I look forward to updating this post with whatever else happens on this.

Update: They gave me my name. No fun-ness beyond.

Sobriety, tact, and... no, I'm not buying it either

Time is like... gone. I should have known this might happen. Somehow it's now a month since I last blogged, and that last was barely much at all. Like, what the heck? So to recap the amazing month I had might be difficult, but here goes.

I got sick.

Yeah, amazing story right? It pretty much killed the creative part of my brain for that whole period of ohgodkillmenow, where I successively had a blocked nose, bleeding nose, runny nose, blocked ear, runny... ear??, dry cough, wet cough, internal-bruising cough, smokers cough (and I don't smoke), headaches, chest pains, arm pain, sore throat, dehydration, itches, scratches, boredom, and pity. In hindsight, I should've seen a doctor.

Well, it's not the extent of EVERYTHING but a huge piece of it. I actually went a week without using my lappy. I also gave up coffee at around the same time, so it's plausible my body said "You can't do this to me-RAWR I MAEK U SICK!!" I think it's forgiven me now.
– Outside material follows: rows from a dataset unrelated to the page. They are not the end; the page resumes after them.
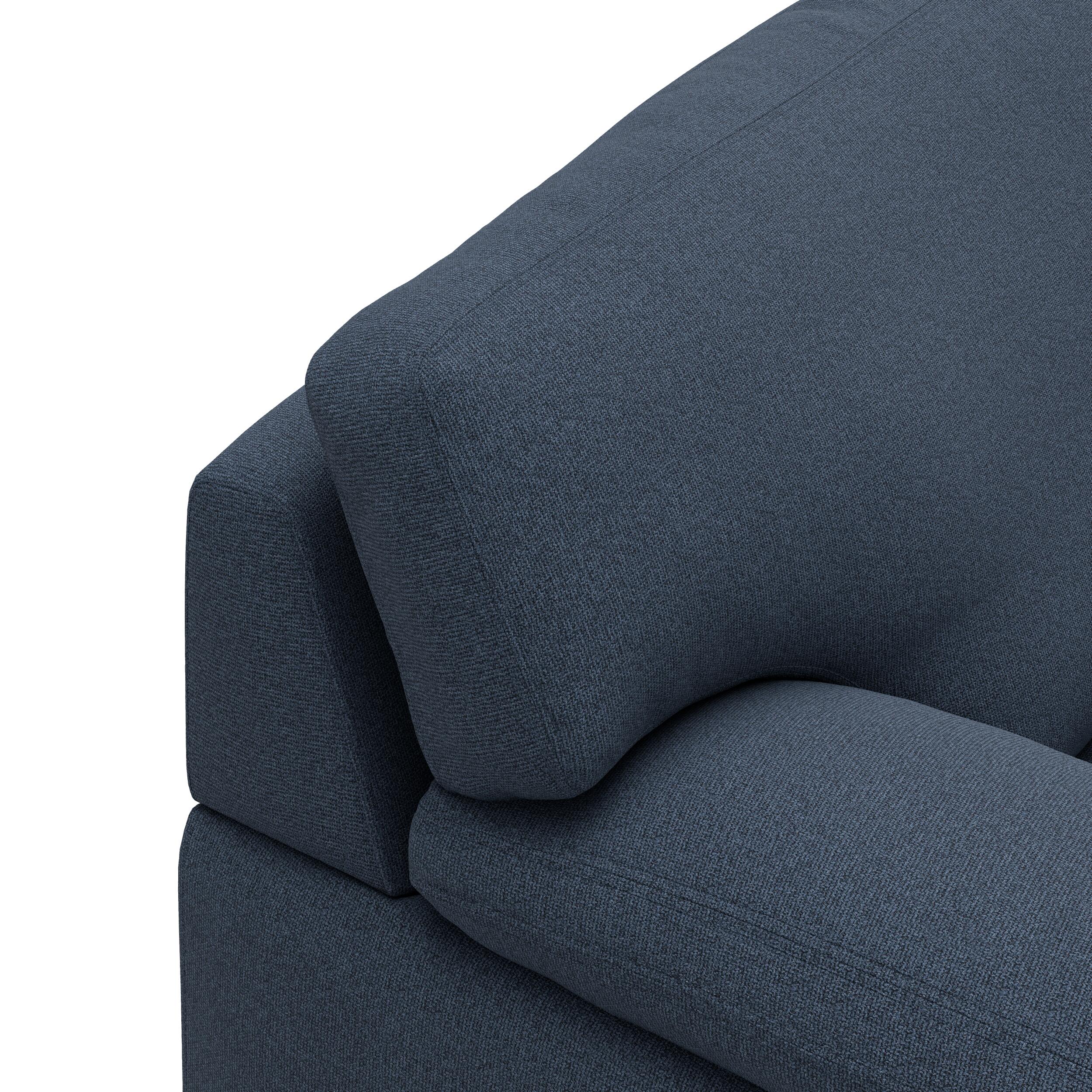DC 8900 2½ pers. Sofa 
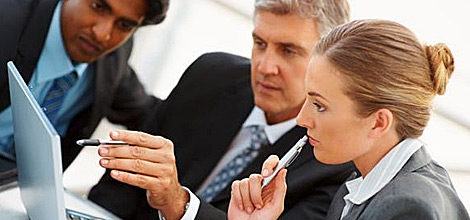 Debt Collection Services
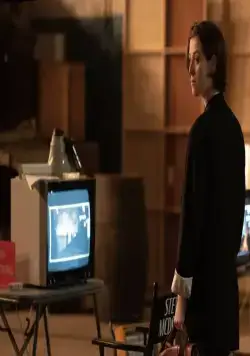 Сувенир: Часть 2 (2021) в хорошем качестве скачать торрент файл Сувенир: Часть 2 (2021) фильм в хорошем качестве скачать торрент файл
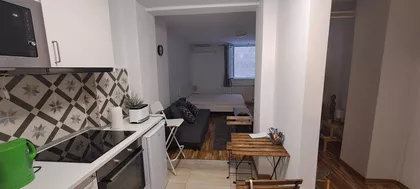Obilićev Venac | 4zida.rs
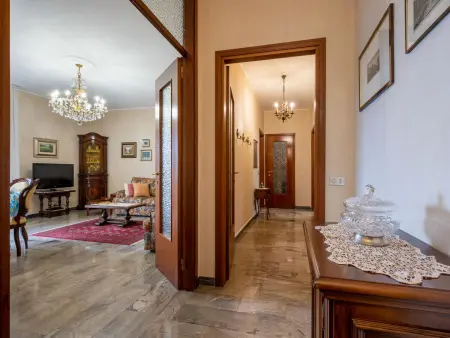 Ripamonti View Apartment, Appartement 6 personnes à Milan - Photo 26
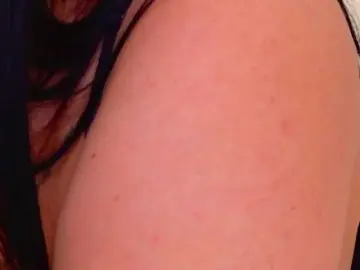 Bongacams Best Webcam of JennyX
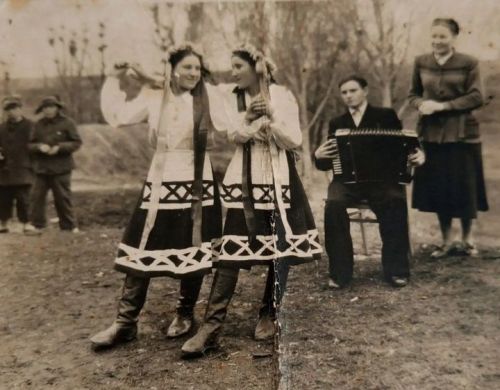 Жительница Азеево Закия Гайфутдинова отметит 90-летие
It went on way longer than it should've, and it's only this week that i've really gotten past it.

I've still been living life- you know, going to work, paying bills, sleeping. Cause I'm a good boy.

^_^

So Friday night I got totally drunk and had an awesome night, unexpectedly. When I finally returned to sober, inhibited thought, I found that I had brought back a little of dream-me/drunk-me. Earlier this week I'd started writing again, something new. I said that just having all the pieces and knowing what the end result should be isn't enough to make the puzzle for you- and it was about how deep down I'm pretty shy, but deeper down I'm not. Deeper again I'm a time-travelling dinosaur named Freckles, but that's another story.

So through getting that drunk, I learned some things about myself. I can be cocky/forward. I still won't succumb to peer pressure on something like smoking. If I'm going all out here, I'd even say while I'm happy with who I am, and I feel like I don't need to be in a relationship to be happy, I'd still like it to happen. If that means I have to keep having my own 'Pineapple Incident' time and again until I can be all the me I'm meant to, where I say stupid things to girls, then so be it. I mean, I'm saying stupid things to everybody else, may as well be consistent.